Saturday, May 7, 2011
My Momma always told me that my kids will break my heart one day.
Never, I thought. My kids adore me, they are my best friends and another extension of my body. Like my fingers and my toes, they are with me. Always. They prefer me over anyone.
Well, once again....Momma is always right.
I still have complete loyalty from my Presley. She wakes up singing my name, and goes to sleep singing my name and caressing my face. She's mine. All mine.
Then there's my heart melting 9 year old, Joseph.

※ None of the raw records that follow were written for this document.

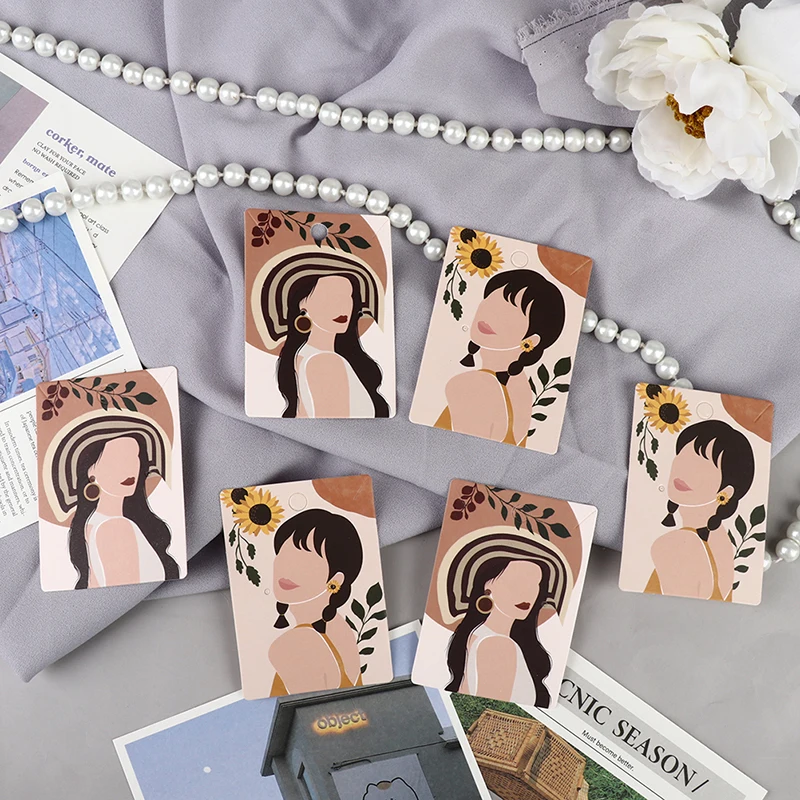 50 Stücke Frauen Muster Ohrring Display Karte Ohrstecker DIY Schmuck Paket Karte Halskette Schmuck Display Halter – Detail 7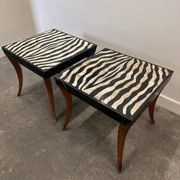 Striking pair of Italian zebra inlaid tessellated stone tables with refined curves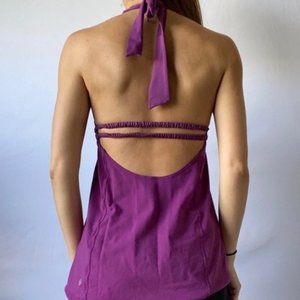 RARE Lululemon Dignity Open Back Halter Tank Top in Purple (Size 4)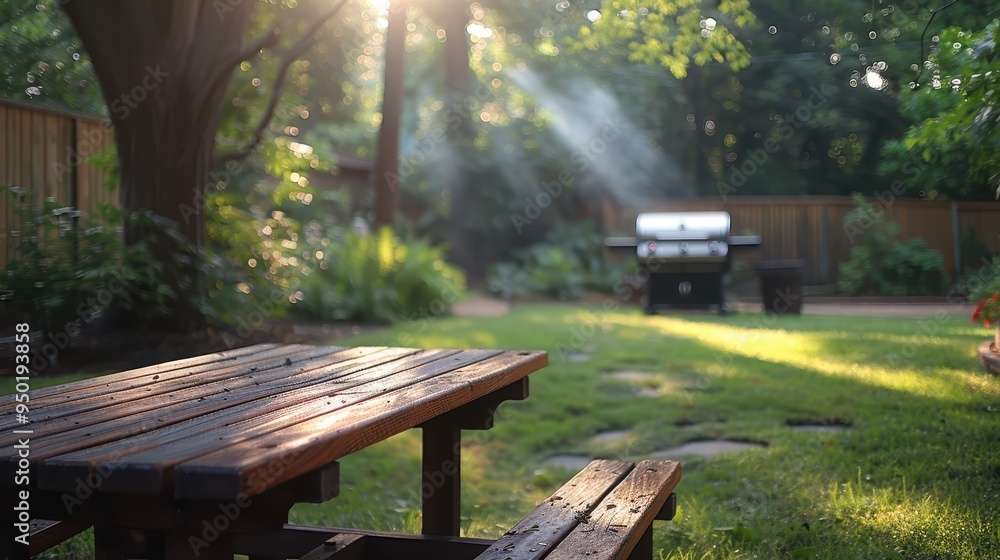 Serene Backyard Scene with Wooden Table, Grill, and Dappled Sunlight Serene Backyard Scene with Wooden Table, Grill, and Dappled Sunlight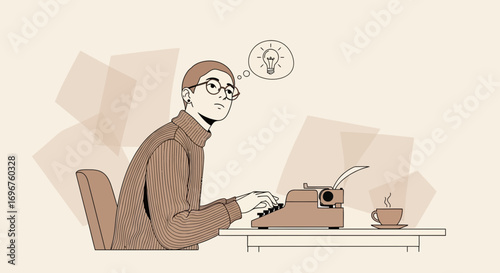 Creative Mind Generating Ideas For Writing Projects Working On A Vintage Typewriter Illustration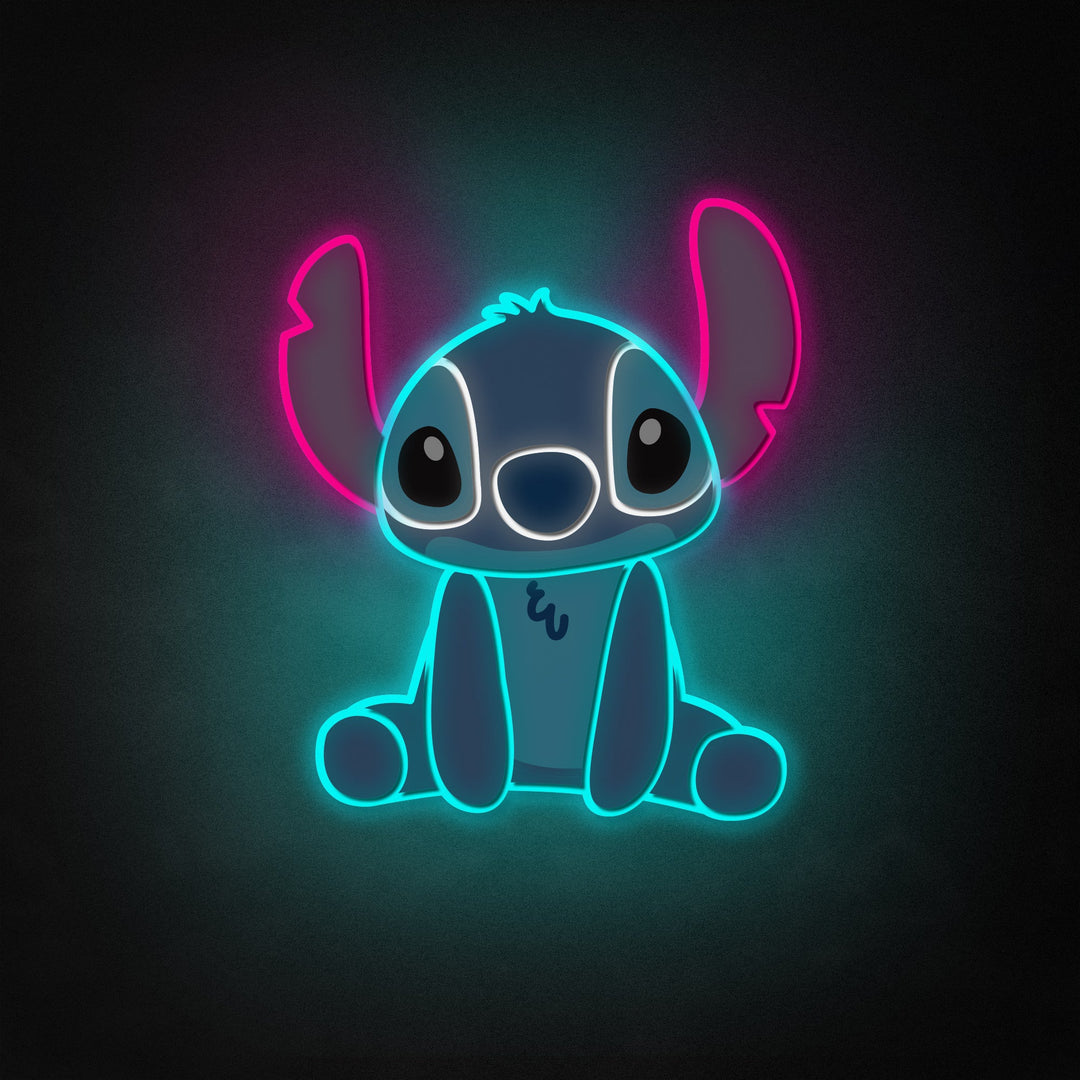 "Stit, Cartoon Character" Neon Like Sign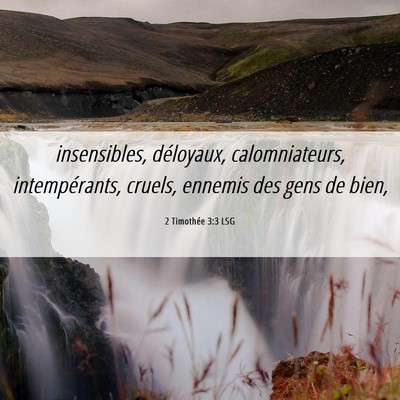 Picture 06 - 2 Timothée 3:3 LSG - insensibles, déloyaux, calomniateurs, - Bible Verse Picture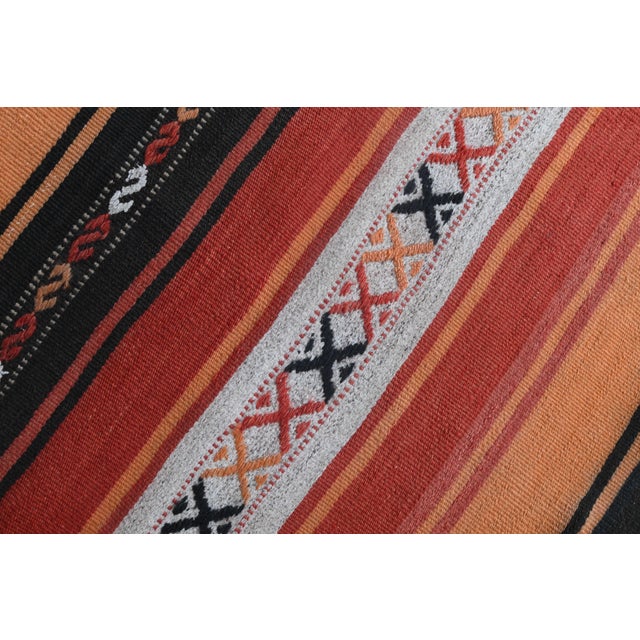 1970s Vintage Handmade Wool Cotton Kilim Runner Rug For Sale - Image 4 of 10
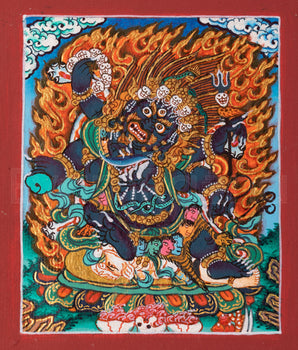 Six-Armed Mahakala Thangka for Locket | Tibetan Protector Deity Art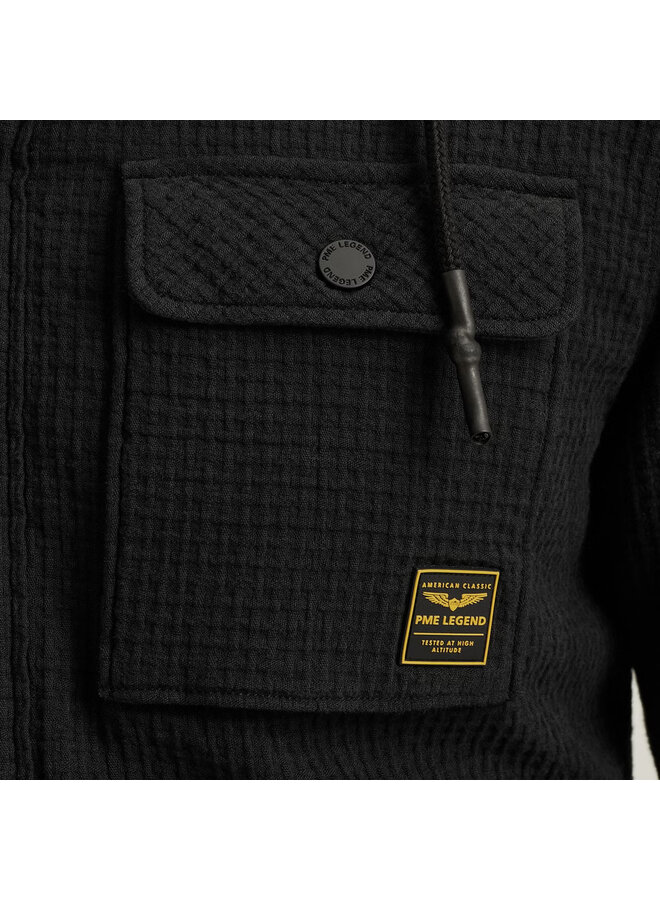 PSI2509254 9067 PME Legend LONG SLEEVE SHIRT Dobby Weave Jet Black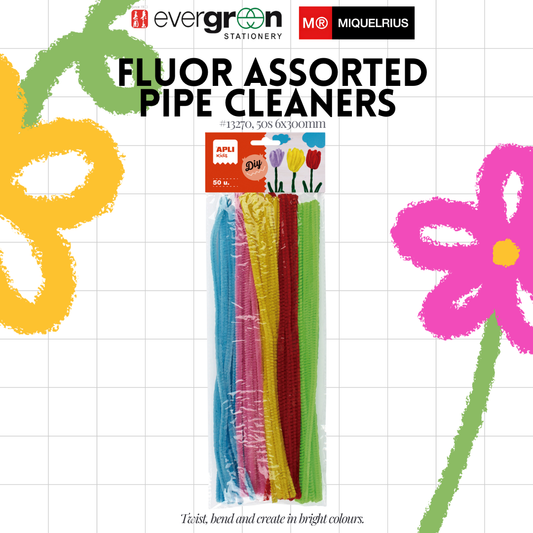 [SG] APLI Fluorescent Pipe Cleaners 50pcs – 6 Colours 300mm [Evergreen Stationery]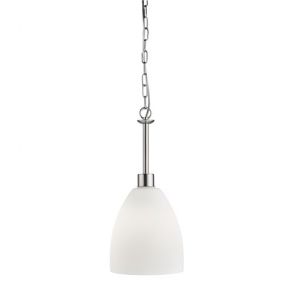  1 Light Pendant, Satin Silver With White Glass BPOSL360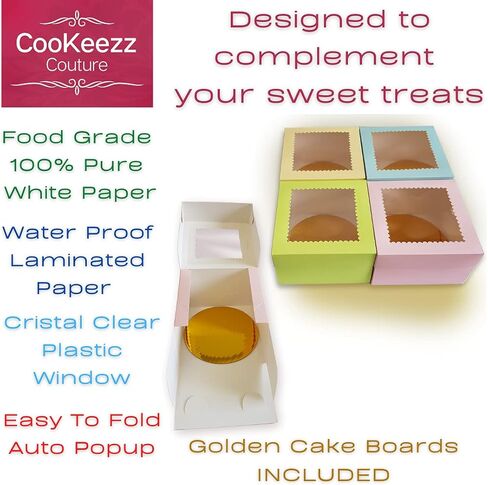 CooKeezz Couture - صناديق كعكة النافذة مقاس 4 × 4 × 2.5 سم مع نافذة شفافة لسهولة نقل الكعك والفطائر والكرواسون والمزيد - 12 عبوة متضمنة مع 12 لوحة مستديرة in Kuwait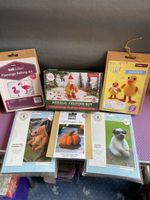 Six Needle Felting Kits, Pug, Squirrel, Flamingo, Turkey, Chicks, Pumpkin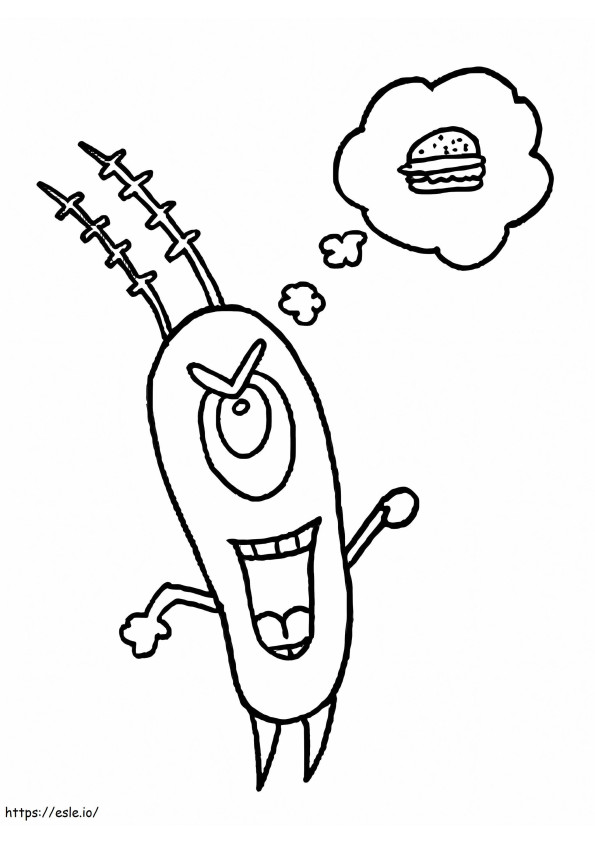 Coloriage Plancton pensant au hamburger à imprimer dessin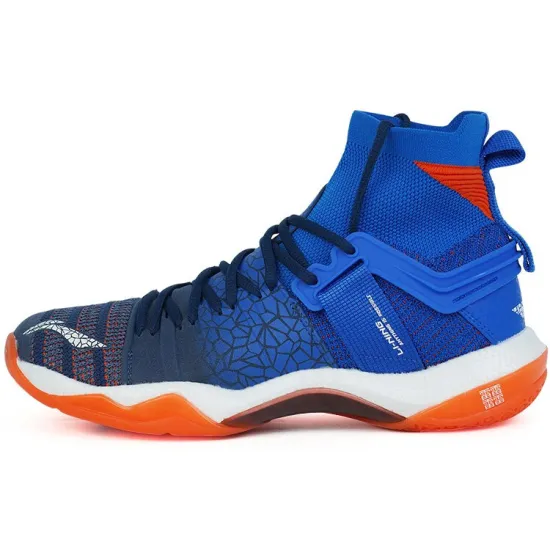 LiNing Roar II Cushioned Slip Resistant Abrasion Resistant High Top Badminton Shoes Deep Prussian Blue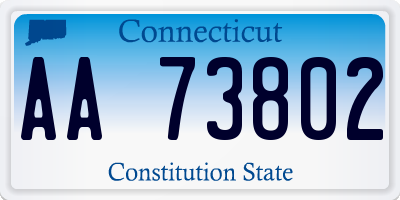 CT license plate AA73802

My little world turned upside down Thursday night. I realized I was smothering him. Momma's oohing and ahhing over his every move is not what he needs anymore. He needs space.
He needs his Daddy.
Not only does he need his Daddy, but he prefers his Dad.
Love really is blind, I suppose. This has been coming on for the last year or so. I have just chosen to bury my head in that proverbial sand box. Only coming up from air when absolutely necessary.
It started with a simple and fun game of family kick ball. Laughter and competition and a lot of fun for a school night.
As we were bidding adieu to the Mayzurk family, our competitors, Lem started laughing hysterically.
He then tells us that Joseph was kicking at the basketball goal and fell straight on his back in the grass. Joseph must have quickly hopped up, because he was standing by the time we looked over.
Joseph was laughing, and Lem was still teasing him. (not okay with me, but that's another story. )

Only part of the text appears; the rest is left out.